A year ago tomorrow I said to myself that I would be at my goal weight for next Christmas and I’ll tell ya… I ‘failed’ miserably.
However, I have lost 7lbs which is a step in the right direction but to the detriment of a positive relationship with food.
I was going through old photos the other day and I found a before and after of me doing 30 days on The Body Coach. At the time, I thought there was a HUGE difference in my physique but looking at these photos showed barely any difference. However, I paraded the shores of Aruba on my honeymoon like I owned the gaff.
The difference?

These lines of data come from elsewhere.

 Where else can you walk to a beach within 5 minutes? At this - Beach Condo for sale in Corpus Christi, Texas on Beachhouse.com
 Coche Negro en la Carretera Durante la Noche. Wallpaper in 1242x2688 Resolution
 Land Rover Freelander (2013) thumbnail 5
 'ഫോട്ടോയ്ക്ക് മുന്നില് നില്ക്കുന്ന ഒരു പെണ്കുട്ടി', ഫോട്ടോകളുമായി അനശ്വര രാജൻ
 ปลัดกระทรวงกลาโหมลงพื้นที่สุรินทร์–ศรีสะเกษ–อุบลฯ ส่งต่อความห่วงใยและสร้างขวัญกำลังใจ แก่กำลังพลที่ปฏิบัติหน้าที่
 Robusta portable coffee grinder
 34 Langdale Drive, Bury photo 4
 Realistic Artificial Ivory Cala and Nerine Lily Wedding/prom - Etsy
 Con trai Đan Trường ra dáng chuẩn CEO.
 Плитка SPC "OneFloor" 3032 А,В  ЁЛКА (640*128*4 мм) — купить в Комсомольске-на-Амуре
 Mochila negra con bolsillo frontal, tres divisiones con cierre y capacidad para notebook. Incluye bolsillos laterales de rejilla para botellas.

I’d taken a healthy approach and I was doing everything in my power to feel good about myself. I was working out, eating good foods (with the odd treat) and being kind to myself.
Aesthetic goals just don’t do it for me anymore. Sure it would be nice to look a certain way but as a motivator it’s about 1/10 to even get me started.
However FEELING good about myself appears to be a different ball game. At the moment my muscles hurt from being so weak. My poor posture gets me down and hurts my back even more. My glutes are a mess. My belly is bloated and my jeans dig in. And I’m spotty (which isn’t usual for me).
Don’t worry this article isn’t all doom and gloom. As a Christmas present to myself I have signed up for group coaching. As I’ve said before I know everything I could possibly know about weight loss – it’s just me standing in my way.
I plan to continue to stick with my behavioural changes but I’m hoping group coaching will just give me that extra bit of support that I’m clearly lacking. I’m fed up of the pressure of diets,.. I want a lifestyle that facilitates me feeling good about myself.
So I’m that note… Merry Christmas Me!
I hope you all have a fabulous festive period however you celebrate!